1863 Hawke's Bay earthquake
- UTC time: 1863-02-22 12:15
- Local date: 23 February 1863
- Local time: 01:15 NZDT (UTC+13)
- Magnitude: 7.5 M_{w}
- Depth: 25 kilometres (16 mi)
- Epicentre: 40°00′S 176°30′E﻿ / ﻿40.00°S 176.50°E
- Areas affected: New Zealand

= 1863 Hawke's Bay earthquake =

Earthquake in New Zealand

The 1863 Hawke's Bay earthquake was a devastating magnitude 7.5 earthquake that struck near the town of Waipukurau, New Zealand, on 23 February 1863. It remained the single largest earthquake to strike Hawke's Bay until 1931, where a magnitude 7.8 quake levelled much of Napier and Hastings, and killed 256 people.

==Tectonic setting==
New Zealand lies along the boundary between the Indo-Australian plate and Pacific plates. In the South Island most of the relative displacement between these plates is taken up along a single dextral (right lateral) strike-slip fault with a major reverse component, the Alpine Fault. In the North Island the displacement is mainly taken up along the Hikurangi Subduction Zone, although the remaining dextral strike-slip component of the relative plate motion is accommodated by the North Island Fault System (NIFS), which runs from Wellington, up Hawke's Bay and through to Gisborne and the Bay of Plenty. The 1863 earthquake is believed to have occurred outside the Mohaka Fault, just west of Waipukurau.

==Reported effects==
Residents living in Hawke's Bay at the time reported numerous landslides, as well as vast soil liquefaction and the opening of large fissures in the ground. Residents also reported overturned furniture and snapped chimneys. According to The Hawke's Bay Herald, there was considerable damage to stock in stores and hotels, and although some chimney bricks fell through roofs, no major injuries were reported. Houses were shaken off their piles. Aftershocks continued at short intervals for the rest of the morning.

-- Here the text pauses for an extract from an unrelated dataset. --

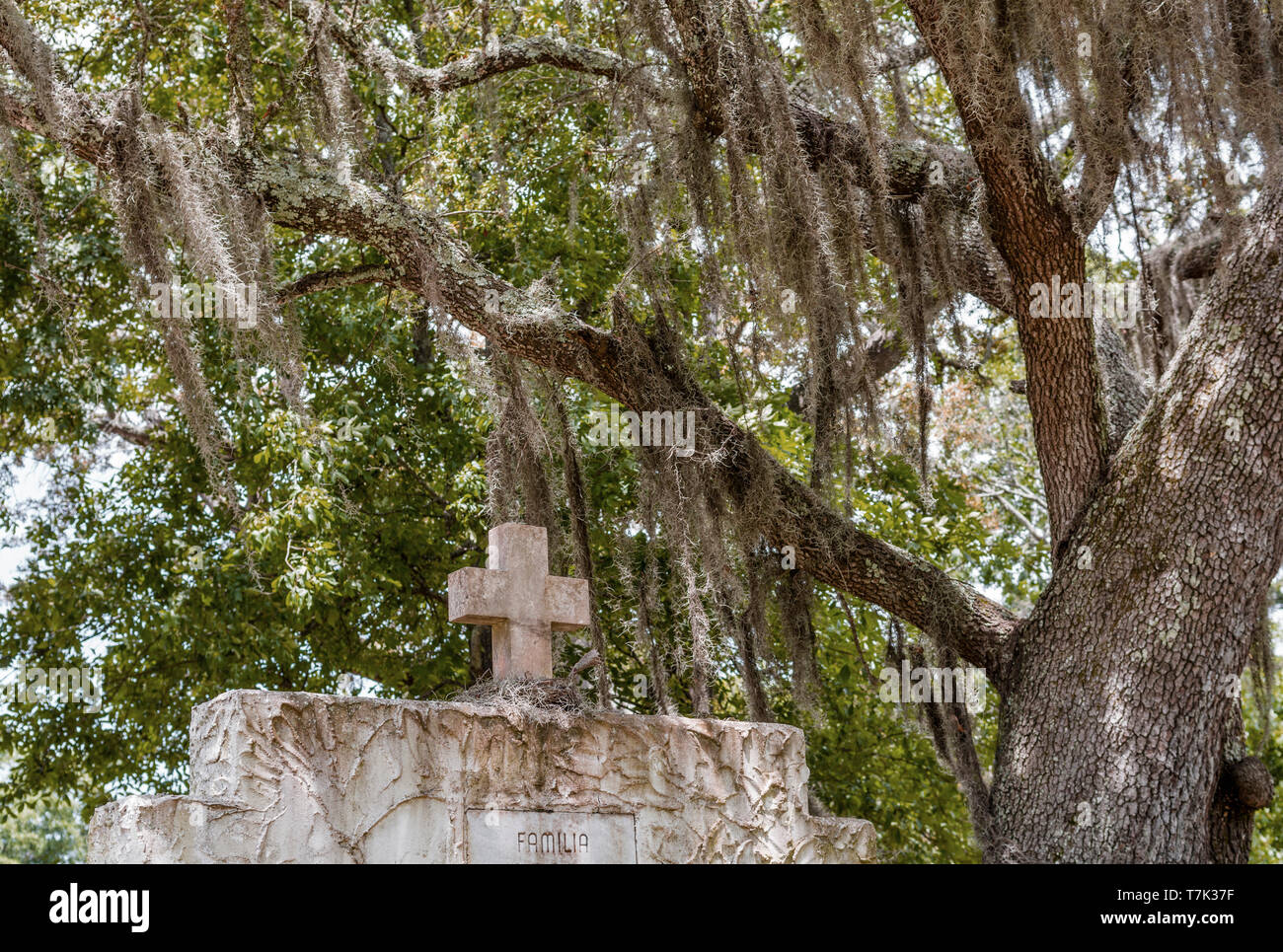 Biloxi, Mississippi, USA, Alte französische Friedhof über Boden Grab unter einer Live Oak in Dschungelmoos behangen. Stockfoto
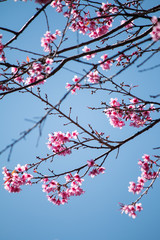 Sakura or cherry blossom on the road at Khun Wang, Chiang Mai Thailand.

Outside of Hawke's Bay, the earthquake woke many people in Wellington, causing minor structural damage but had a large toll on personal belongings. The Wellington Independent noted that the initial earthquake lasted 30–40 seconds and was followed by several smaller aftershocks.

In Wanganui, the earthquake was described as the sharpest shock in both duration and severity since the magnitude 8.2 Wairarapa earthquake in 1855. However, no damage was sustained.

In Nelson the earthquake was felt as three sharp shocks in quick succession at about 1:20 a.m.

In Gisborne the earthquake was felt, but did not cause any damage.